In-field and remote updates of firmware are a useful thing to have on most consumer products, but many update schemes aren’t implemented well. A lot of devices suffer from vulnerability windows during firmware updates, where a power failure will lead to the device being bricked. Avoiding these vulnerability windows always means having some kind of bootloader on the device which doesn’t get reprogrammed, in which case the methods of update might be frozen for the lifetime of the device.

The scheme described here gives you an update system with arbitrary, and updatable, delivery methods, while preserving fail-safety in the case of a power failure. It’s presented specifically for the Kinetis KL27, but it’s easily adaptable to almost any device with per-page self-programming capabilities.

Memory map

We start by dividing the KL27’s 256 kB of NOR flash into individually reprogrammable sections at 1 kB page boundaries as follows:

┌───────────┐
│  0x00000  │ Bootloader and flash configuration bytes (BL)
│  .......  │ 2 kB
│  .......  │
│  0x007ff  │
├───────────┤
│  0x00800  │ Boot instruction block (BIB)
│  .......  │ 1 kB
│  0x00cff  │
├───────────┤
│  0x00c00  │ Application image (APP)
│  .......  │ 125 kB
│  .......  │
│  .......  │
│  .......  │
│  .......  │
│  0x1ffff  │
├───────────┤
│  0x20000  │ Installation image (INST)
│  .......  │ 128 kB
│  .......  │
│  .......  │
│  .......  │
│  .......  │
│  0x3ffff  │
└───────────┘

The sections are:

Boot instruction block (BIB)

If valid, this block contains a small piece of data specifying an entry point for the application. This data is checksummed, so that a power failure during write is unlikely to leave valid data here.

Bootloader and flash configuration bytes (BL)

This is the entry point on boot. It contains a very small non-updatable program which does one thing only: it reads the boot instructions block (BIB), checks to see if it contains valid data, and if so, jumps to the address specified. If the BIB is not valid, it jumps to the application image (APP).

Application image (APP)

This is the default image to which the bootloader will transfer control, and under normal circumstances, it’s what runs on the device.

Installation image (INST)

If valid, this section contains a program that rewrites the application image (APP). It may do this by copying a bundled image, or it might load an image from an external peripheral like an SD-card.
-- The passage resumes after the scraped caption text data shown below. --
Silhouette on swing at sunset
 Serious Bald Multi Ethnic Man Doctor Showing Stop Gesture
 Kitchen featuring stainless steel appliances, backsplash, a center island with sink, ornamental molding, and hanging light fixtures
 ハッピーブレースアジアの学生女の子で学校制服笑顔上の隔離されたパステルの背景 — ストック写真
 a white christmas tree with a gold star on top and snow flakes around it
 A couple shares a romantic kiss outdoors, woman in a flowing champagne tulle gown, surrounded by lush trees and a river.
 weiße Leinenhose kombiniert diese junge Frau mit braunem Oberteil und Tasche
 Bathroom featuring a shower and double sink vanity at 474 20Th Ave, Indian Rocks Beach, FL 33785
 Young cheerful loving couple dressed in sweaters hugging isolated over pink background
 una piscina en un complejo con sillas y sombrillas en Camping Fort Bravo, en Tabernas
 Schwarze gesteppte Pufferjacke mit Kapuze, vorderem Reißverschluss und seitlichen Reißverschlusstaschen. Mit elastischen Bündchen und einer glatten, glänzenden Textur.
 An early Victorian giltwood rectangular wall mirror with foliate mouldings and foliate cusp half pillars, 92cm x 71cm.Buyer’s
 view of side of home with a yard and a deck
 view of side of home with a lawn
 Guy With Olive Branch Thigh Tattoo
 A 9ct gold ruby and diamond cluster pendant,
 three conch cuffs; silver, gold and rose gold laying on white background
On the KL27, the BL section must also contain the flash configuration bytes, as these can’t be safely reprogrammed in the field (a failure during reprogramming may lead to a non-bootable device). The bootloader program itself is extremely simple, and should fit easily into a fraction of a page.

A possible layout for the BIB block is as follows (32-bit words assumed):

Offset      Value
────────────────────────────────────────────────────────────────
0           Magic number: 0x12345678
4           Image entry point: typically 0x00020000
8           Bitwise negation of entry point (0xfffeffff)
12          Image entry point, repeated

With this layout, the bootloader would check that the magic number is valid, and then verify that last two words are the negation and copy of the second word in order to determine whether the data is valid.

Update procedure

Under our scheme, the following invariants hold regarding section validity:

The last two conditions imply that at least one of APP and INST is always valid (and in fact both will be valid at some points during the upgrade procedure).

The application manages its own upgrades, using the bootloader only as a trampoline for safely transferring control to the installer. This means that the method of upgrade delivery can itself by updated just as easily as any other feature of the system.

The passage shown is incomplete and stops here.